Le rêve soviétique a, à de nombreuses reprises, viré au cauchemar. Le sympathique barbu qui a écrit les lignes du Capital pensait, espérait, qu’un jour les individus seraient capables de s’élever au point de pouvoir se passer de l’État, mais l’URSS a décidé d’abandonner ce noble idéal au profit de l’éradication de la notion même de l’individu, avec le succès que l’on connaît.
Le rêve capitaliste est lui aussi irréaliste, car il repose sur l’égoïsme de chacun et on finit par se prendre la main invisible du marché en pleine tête pour parler poliment.

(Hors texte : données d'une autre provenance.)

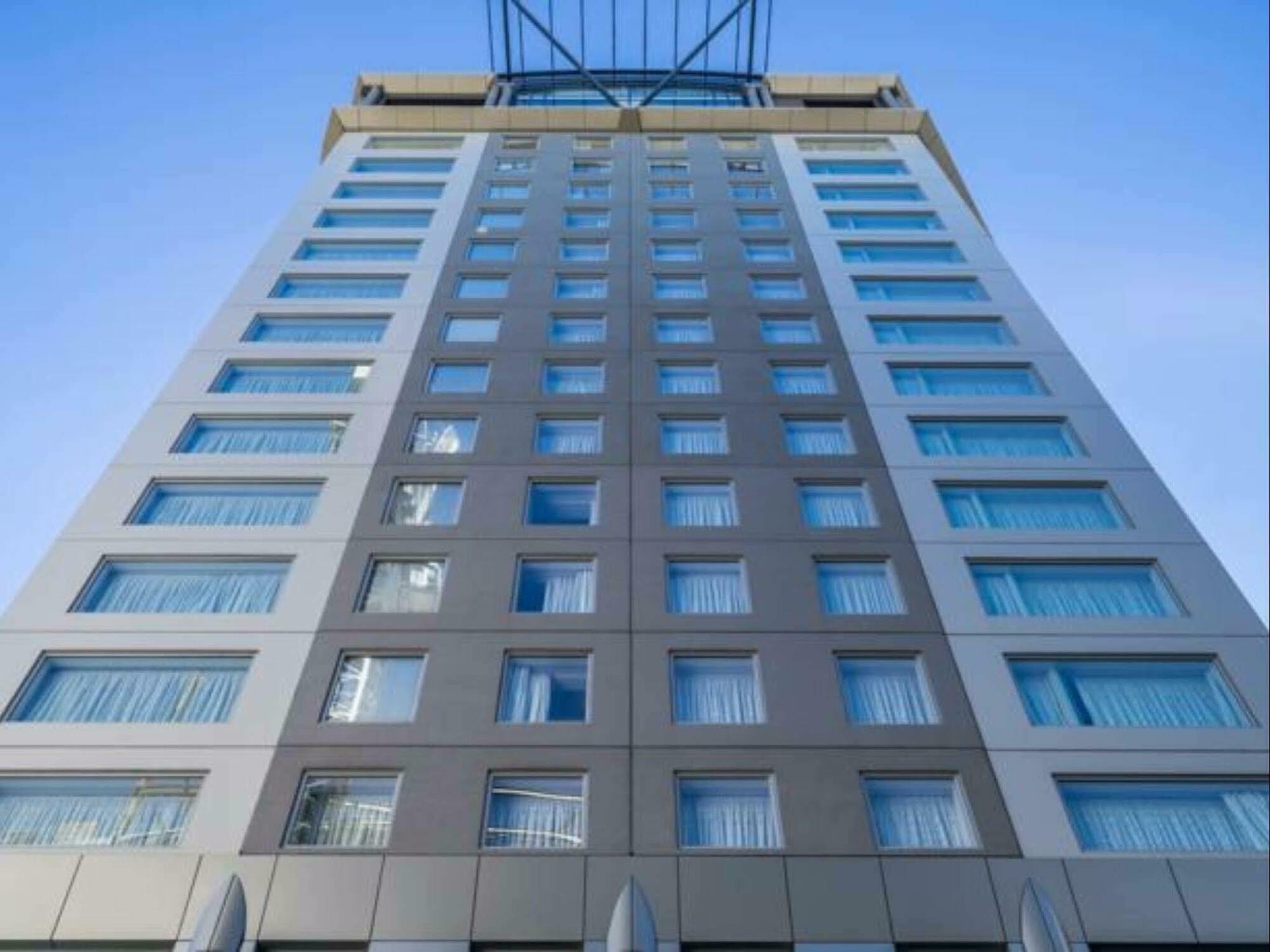 Bolton Hotel Wellington Kültér fotó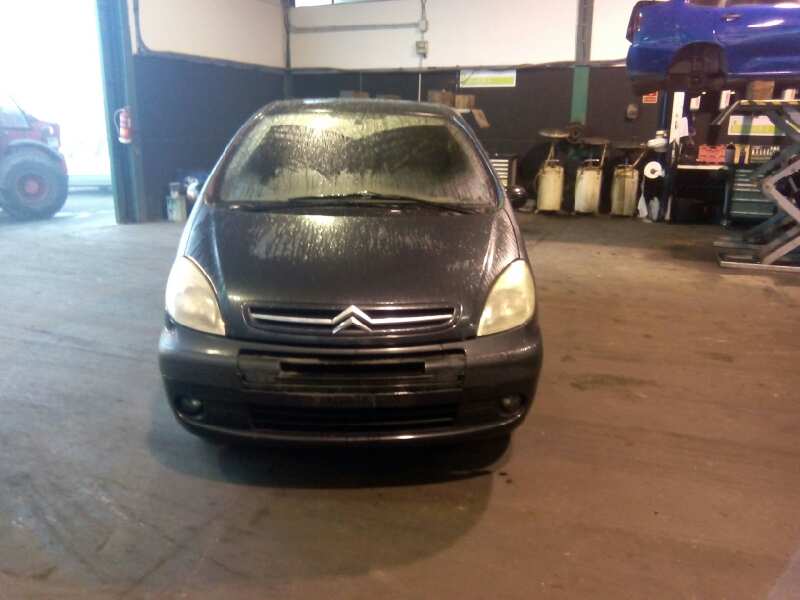 CITROËN Xsara Picasso 1 generation (1999-2010) Bерхняя часть телевизора 18525123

Tout comme l’armée de chômeurs que nous avons créée en abandonnant l’inflation au seul privilège du capital et qu’aujourd’hui nous traitons allégrement de profiteurs, fainéants et assistés, les milliards d’euros qui s’évaporent dans les niches et paradis fiscaux (le paradis fiscal est un choix linguistique qui mérite une réflexion à lui tout seul) sont le résultat direct des politiques économiques que nous avons validées au fil de très nombreuses années. Que nous opposions les méchants assistés aux gentils patrons appliqués et méritants ou les méchants riches à leurs victimes paupérisées à force de délocalisations et de plans sociaux, le clivage s’opère sur un présupposé d’impuissance et d’incapacité de faire changer l’état des choses. E la nave va. Droit dans le mur et en klaxonnant. L’ascension du FN est jugée inexorable, tout comme la suppression du système des retraites dans un avenir prévisible, « l’avancée » néo-libérale partout dans le monde, la débâcle climatique et tout un éventail d’autres délices macabres.
Nous nous laissons aller, car c’est effectivement plus simple que d’avoir le courage d’admettre que nous sommes les seuls responsables de cette situation.
Pourtant, la capacité d’admettre ses erreurs et d’avancer est le plus grand, voire l’unique signe de maturité pour un individu et pour une société. Sans remords, car le passé doit nous servir de leçon et nous permettre d’éviter sa répétition ad nauseam. Sans regrets, car l’avenir doit être envisagé avec le frétillement, l’impatience optimiste et non la culpabilité d’un conducteur poursuivi pour homicide involontaire. Sans nostalgie, car l’Âge d’or n’est après tout qu’un mythe – votre boulanger du quartier sait, sans doute, fabriquer du pain qui n’a rien à envier à la baguette d’antan.
Avec détermination, joie, fierté et responsabilité. Et surtout, sans Papa, sans homme providentiel et sans monarque.
Une nouvelle république est à construire.